Comment expliquer alors le refus de la 5G ? Ce refus est probablement la conséquence d’une peur de l’innovation associée à une profonde méconnaissance des résultats et du fonctionnement de la science, qui font le lit de la pensée magique et poussent certains à inverser la charge de la preuve : la science n’ayant jamais pu prouver l’existence d’un quelconque danger associé aux ondes de téléphonie mobile, 5G compris (en dehors de quelques études épidémiologiques régulièrement mises en avant mais qui souffrent de problèmes méthodologiques majeures), on lui demande désormais d’en prouver l’innocuité totale. De la même manière que l’on demanderait à la science de prouver l’inexistence des fantômes puisque rien ne prouve leur existence. Hélas, si la science, par son fonctionnement, peut prouver un effet, elle ne peut pas prouver l’absence d’effet. On doit donc se contenter d’un faisceau de preuves convergentes et d’un degré de certitude : dans le cadre des ondes de téléphonie mobile en général, et de la 5G en particulier, la plausibilité d’un effet sanitaire des ondes de téléphonie est si faible que l’on peut affirmer sans risque qu’elles ne représentent aucun danger pour la santé humaine.

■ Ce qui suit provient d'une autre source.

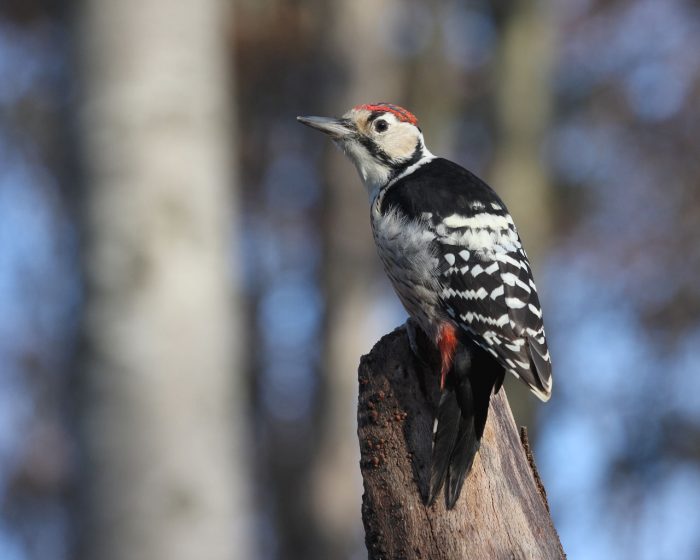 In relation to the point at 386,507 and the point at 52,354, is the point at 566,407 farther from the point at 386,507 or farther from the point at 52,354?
the point at 386,507

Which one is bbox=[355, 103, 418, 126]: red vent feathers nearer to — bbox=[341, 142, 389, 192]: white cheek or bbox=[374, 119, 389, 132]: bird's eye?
bbox=[374, 119, 389, 132]: bird's eye

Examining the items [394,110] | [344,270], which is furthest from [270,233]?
[394,110]

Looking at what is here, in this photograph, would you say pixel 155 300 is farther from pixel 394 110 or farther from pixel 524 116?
pixel 524 116

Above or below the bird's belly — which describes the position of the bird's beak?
above

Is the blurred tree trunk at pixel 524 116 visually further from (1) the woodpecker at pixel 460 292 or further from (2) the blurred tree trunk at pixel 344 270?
(1) the woodpecker at pixel 460 292

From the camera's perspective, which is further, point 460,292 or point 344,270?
point 344,270

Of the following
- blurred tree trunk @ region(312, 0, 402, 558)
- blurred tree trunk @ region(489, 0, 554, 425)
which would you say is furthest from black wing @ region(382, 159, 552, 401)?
blurred tree trunk @ region(312, 0, 402, 558)

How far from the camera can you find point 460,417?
9.28 ft

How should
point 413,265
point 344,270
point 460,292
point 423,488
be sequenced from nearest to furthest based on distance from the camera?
point 423,488
point 460,292
point 413,265
point 344,270

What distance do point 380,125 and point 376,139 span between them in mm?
64

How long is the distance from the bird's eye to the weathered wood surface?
4.65ft

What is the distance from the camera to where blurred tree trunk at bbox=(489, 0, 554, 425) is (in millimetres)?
7836

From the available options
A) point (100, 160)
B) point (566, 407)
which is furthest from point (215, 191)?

Le regretté Carl Sagan prédisait, au milieu des années 90, que l’inculture croissante de ses contemporains dans le domaine scientifique nous conduirait au désastre. Presque 30 ans plus tard, démonstration est faite qu’il avait vu juste : l’ignorance est la cause sous-jacente au rejet de la 5G, comme elle le fut à l’encontre des OGM et comme elle le sera à l’encontre de l’intelligence artificielle. Les décideurs politiques de l’Union Européenne doivent prendre conscience de la nécessité absolue d’investir massivement pour lutter contre la désinformation et remettre la science et la technologie au centre de l’ ambition européenne. Urgemment, un grand chantier de l’éducation doit être entrepris pour inculquer aux jeunes générations les fondements de la démarche scientifique et de l’esprit critique. Faisons découvrir et étudier les écrits de Le Bon, Broch, Sagan, Gardner, ou encore Bronner, qui formeront un véritable et indispensable ciment de construction intellectuelle et permettront aux générations futures de résister au raz-de-marée de la pensée magique. Sans cette prise de conscience, après avoir été le berceau des Lumières, notre continent pourrait en devenir le tombeau.

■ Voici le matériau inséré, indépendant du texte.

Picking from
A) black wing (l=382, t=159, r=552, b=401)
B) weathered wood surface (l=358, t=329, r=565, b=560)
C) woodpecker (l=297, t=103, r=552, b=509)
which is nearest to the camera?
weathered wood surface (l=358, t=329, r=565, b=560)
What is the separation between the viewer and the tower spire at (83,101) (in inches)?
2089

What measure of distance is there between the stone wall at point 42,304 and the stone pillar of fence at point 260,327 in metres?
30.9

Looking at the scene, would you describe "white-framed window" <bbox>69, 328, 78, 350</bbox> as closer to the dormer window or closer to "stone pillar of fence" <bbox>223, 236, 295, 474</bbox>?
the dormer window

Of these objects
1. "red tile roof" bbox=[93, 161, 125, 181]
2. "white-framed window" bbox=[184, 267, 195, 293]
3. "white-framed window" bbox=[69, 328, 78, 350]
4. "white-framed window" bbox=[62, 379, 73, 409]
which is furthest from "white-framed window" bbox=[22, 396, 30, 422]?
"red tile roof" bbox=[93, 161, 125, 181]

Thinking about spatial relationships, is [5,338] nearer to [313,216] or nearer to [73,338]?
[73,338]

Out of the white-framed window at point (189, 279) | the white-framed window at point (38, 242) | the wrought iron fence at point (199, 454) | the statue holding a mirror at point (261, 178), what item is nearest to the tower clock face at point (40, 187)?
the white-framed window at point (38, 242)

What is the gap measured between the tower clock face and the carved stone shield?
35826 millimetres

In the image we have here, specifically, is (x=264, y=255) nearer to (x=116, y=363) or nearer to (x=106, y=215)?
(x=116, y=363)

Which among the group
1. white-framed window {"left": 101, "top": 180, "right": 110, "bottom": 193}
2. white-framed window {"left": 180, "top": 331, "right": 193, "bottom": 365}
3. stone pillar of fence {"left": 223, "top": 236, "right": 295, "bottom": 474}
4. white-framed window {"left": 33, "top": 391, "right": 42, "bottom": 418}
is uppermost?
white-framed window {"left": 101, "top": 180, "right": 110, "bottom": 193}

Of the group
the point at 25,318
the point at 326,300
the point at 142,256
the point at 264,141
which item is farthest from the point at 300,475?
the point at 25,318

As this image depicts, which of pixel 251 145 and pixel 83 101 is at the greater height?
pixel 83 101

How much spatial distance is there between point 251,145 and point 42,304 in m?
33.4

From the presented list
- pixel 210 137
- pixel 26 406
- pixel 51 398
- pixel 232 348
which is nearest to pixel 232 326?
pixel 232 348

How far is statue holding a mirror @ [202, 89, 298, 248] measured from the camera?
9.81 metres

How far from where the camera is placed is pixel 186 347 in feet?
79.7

Sébastien Point, chercheur et physicien.

[1] https://datanews.levif.be/ict/actualite/proximus-ne-poursuit-plus-qu-en-flandre-le-deploiement-de-la-5g/article-news-1294225.html?cookie_check=1591897942

[2] Sébastien Point, Advocacy for a cognitive approach to ElectroHypersensitivity Syndrome, Skeptical Inquirer, Volume 44, No. 1, January/February 2020.